A shocking case of modern-day slavery has been uncovered in the northern Indian state of Uttar Pradesh, where law enforcement officials have rescued 12 men who were held captive and forced into unpaid bonded labor at a small disposable plate manufacturing facility. The horrific ordeal of these workers, which included months of systematic abuse, starvation, and violence, has reignited fierce national debate over India’s persistent failure to eliminate a practice outlawed half a century ago.

According to Uttar Pradesh Police, the case emerged after authorities received an anonymous tip-off last week reporting captive workers at the factory located in Muzaffarnagar district. Senior police officer Sanjai Kumar told reporters that investigators deployed an undercover decoy to confirm the allegations before launching a coordinated raid on the facility on Monday, alongside officials from the state labor department and district administration.

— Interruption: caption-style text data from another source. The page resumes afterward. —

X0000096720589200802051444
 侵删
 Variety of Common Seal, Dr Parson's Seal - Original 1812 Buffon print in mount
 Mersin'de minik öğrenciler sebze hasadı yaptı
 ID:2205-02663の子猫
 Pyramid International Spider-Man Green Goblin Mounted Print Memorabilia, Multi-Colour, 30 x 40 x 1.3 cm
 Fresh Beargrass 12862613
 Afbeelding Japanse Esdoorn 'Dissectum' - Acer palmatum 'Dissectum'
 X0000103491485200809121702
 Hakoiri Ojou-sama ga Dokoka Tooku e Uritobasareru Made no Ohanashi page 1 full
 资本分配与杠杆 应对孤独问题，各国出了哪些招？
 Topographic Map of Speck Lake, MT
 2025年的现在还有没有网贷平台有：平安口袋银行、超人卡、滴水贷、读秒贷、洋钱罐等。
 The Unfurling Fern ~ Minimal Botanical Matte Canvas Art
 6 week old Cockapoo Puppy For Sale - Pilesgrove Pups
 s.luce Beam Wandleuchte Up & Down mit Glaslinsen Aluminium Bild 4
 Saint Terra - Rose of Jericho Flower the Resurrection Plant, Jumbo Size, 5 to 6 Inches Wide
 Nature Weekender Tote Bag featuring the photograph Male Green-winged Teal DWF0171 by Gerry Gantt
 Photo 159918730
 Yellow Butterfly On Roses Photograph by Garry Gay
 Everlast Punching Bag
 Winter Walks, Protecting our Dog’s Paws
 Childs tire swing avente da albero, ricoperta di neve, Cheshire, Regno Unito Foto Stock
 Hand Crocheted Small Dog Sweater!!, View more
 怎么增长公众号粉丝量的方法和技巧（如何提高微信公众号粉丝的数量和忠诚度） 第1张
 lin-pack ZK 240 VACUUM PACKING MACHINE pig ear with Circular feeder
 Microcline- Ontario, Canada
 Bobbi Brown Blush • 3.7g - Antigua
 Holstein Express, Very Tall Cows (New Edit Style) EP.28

Investigations reveal the factory operators targeted vulnerable job seekers at crowded public hubs such as railway stations, luring them with false promises of steady work, free meals, and safe accommodation. Once the workers arrived at the site, their personal communication devices were immediately seized, their official identity documents were destroyed, and they were locked inside the factory premises to prevent escape. For months, and in some cases nearly two years, the men were forced to work around the clock without pay, surviving on just one meager meal of dry flatbread or bran bread a day, with pit bull terriers deployed to guard them against escape attempts. Any attempt to demand owed wages or request to leave was met with brutal violence: multiple rescued workers showed visible injury marks across their bodies from repeated beatings with sharp wooden sticks.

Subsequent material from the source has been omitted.